In many cases, enacting those changes can be a cumbersome business. The historical approach has been for users to channel their requests for changes to reports through the IT organisation, and, depending on the resources available, those changes can take days, weeks or months. However, that impacts at both ends. Constantly bombarding the IT team with requests for new or updated reports programs does not sit well given the pressure they are under to make efficient use of their scarce resources. At the same time, users cannot understand why the addition of something as simple as an extra field to a report can take so long.
That is one reason for the rise of so-called ‘business intelligence competency centres’, where BI capabilities are granted a special status and distanced from the pressures of other IT projects – often placed within the business itself.
As the survey results contained in this report show, that dependency on the IT department is one of the primary reasons why many users are not wholly satisfied with the reporting tools they have at their disposal.
BI tools vendors have been addressing those issues through the development of flexible, increasingly web-based tools focused on end-user needs that sidestep the complexity of traditional products, allowing sales staff, for example, to drill into their own numbers and augment their analyses as needed.
Good decision-making is also a factor of the trust that the end user places in the reported information.
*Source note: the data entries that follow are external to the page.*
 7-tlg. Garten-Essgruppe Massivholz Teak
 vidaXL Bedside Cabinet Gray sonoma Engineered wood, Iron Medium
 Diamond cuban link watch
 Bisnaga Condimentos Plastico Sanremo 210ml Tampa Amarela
And that has to be established from the ground up.
The piecemeal growth of data sources at many organisations has meant that the same type of data is recorded in different places by different groups. So a customer identification held in the sales database might differ from that held by finance. Often that means that interpretations of reported data are highly divergent, depending on where that data was sourced.
The move in many organisations is to rationalise those inconsistencies, to synchronise their different data sources through some kind of master data management layer, thereby enabling accurate and consistent reports across the business.
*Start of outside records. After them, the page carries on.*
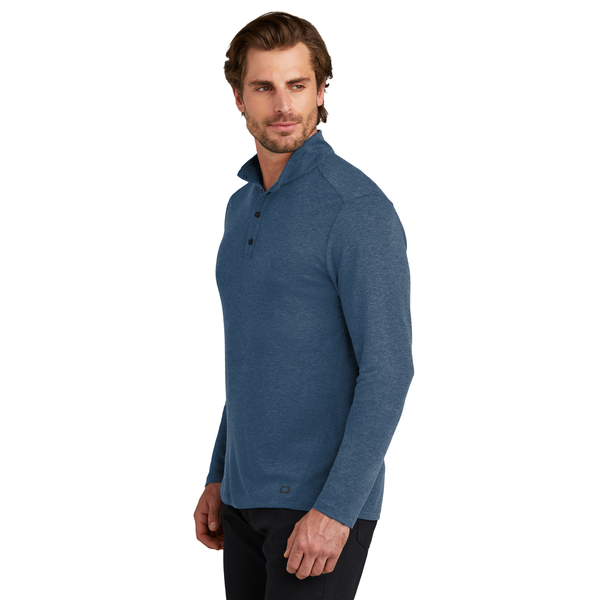 OGIO® Command Poly/Merino Wool Men's 1/4 Snap
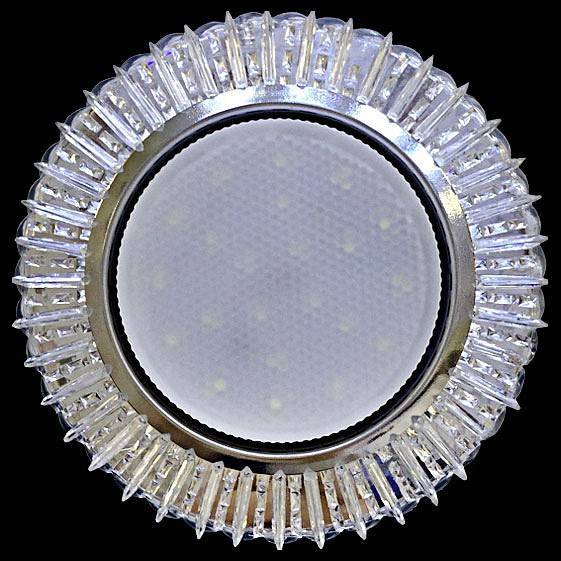 Встраиваемый светильник Reluce 53410 GX53 + LED 4 Вт прозрачный 53410-9.0-001PL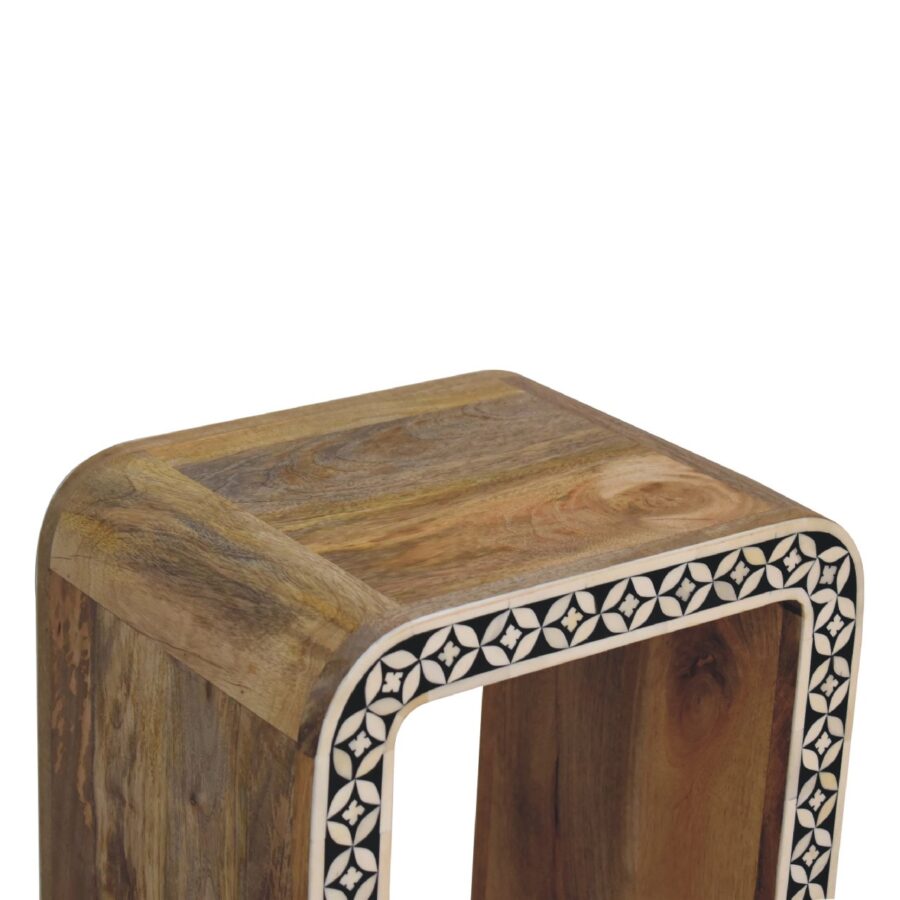 in3385 edessa bone inlay end table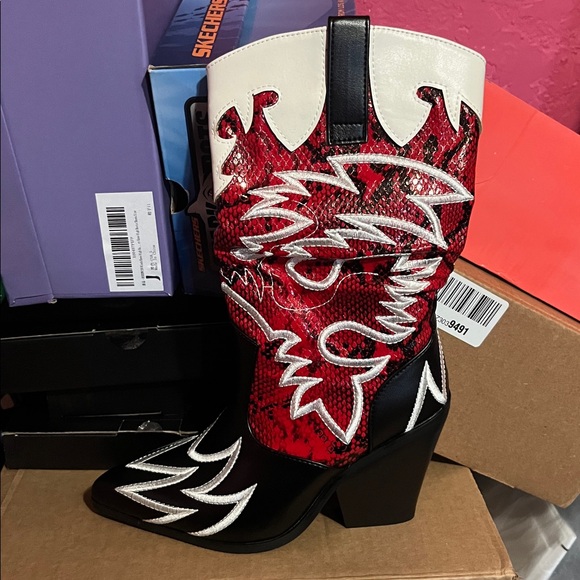 Women's Cowboy Boots Cowgirl - Picture 2 of 9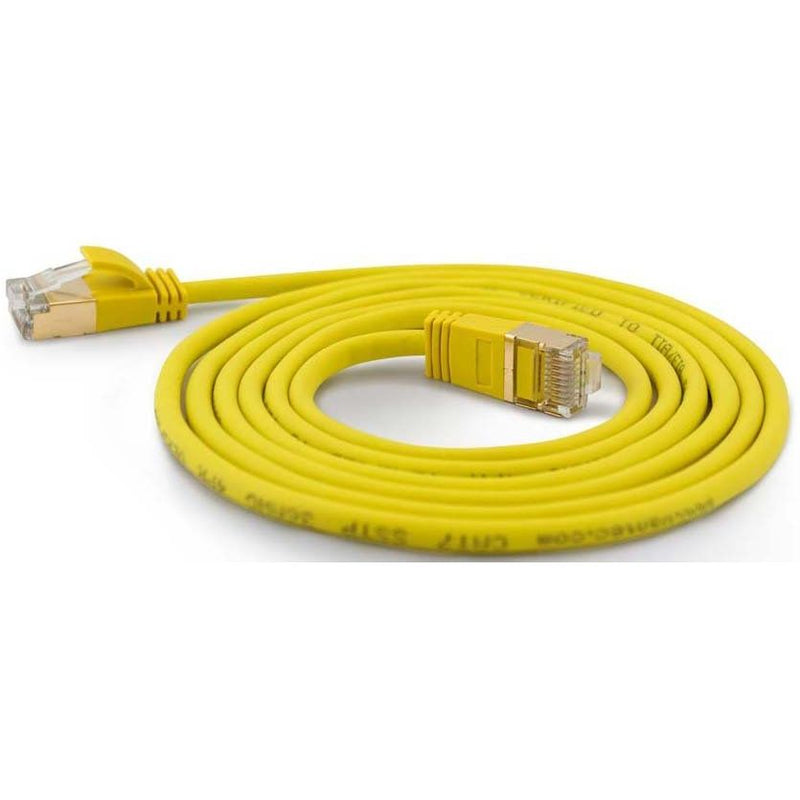 Wantec - Patchkabel Kupfer SSTP-Patchkabel Cat.6A ge 7171 ge 0,25m 0,25m Steck.4mm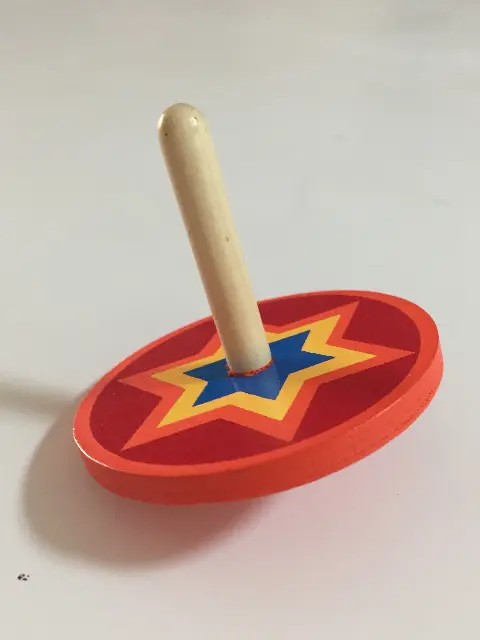 A Star of David spinning top from the Hungarian State Market in Budapest, Hungary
That need to trust the information contained in reports is even more acute when reports are more widely distributed. According to the survey, as well as the classic areas of finance and sales, reports are now a critical part of how organisations build understanding and support the decision-making processes in customer management, HR, staff productivity, stock management, transaction monitoring, equipment status, fee billing, market intelligence and many other areas.
The upshot is that reporting – once regarded as the dull, backroom part of business intelligence – is emerging as vibrant, dynamic and business-critical.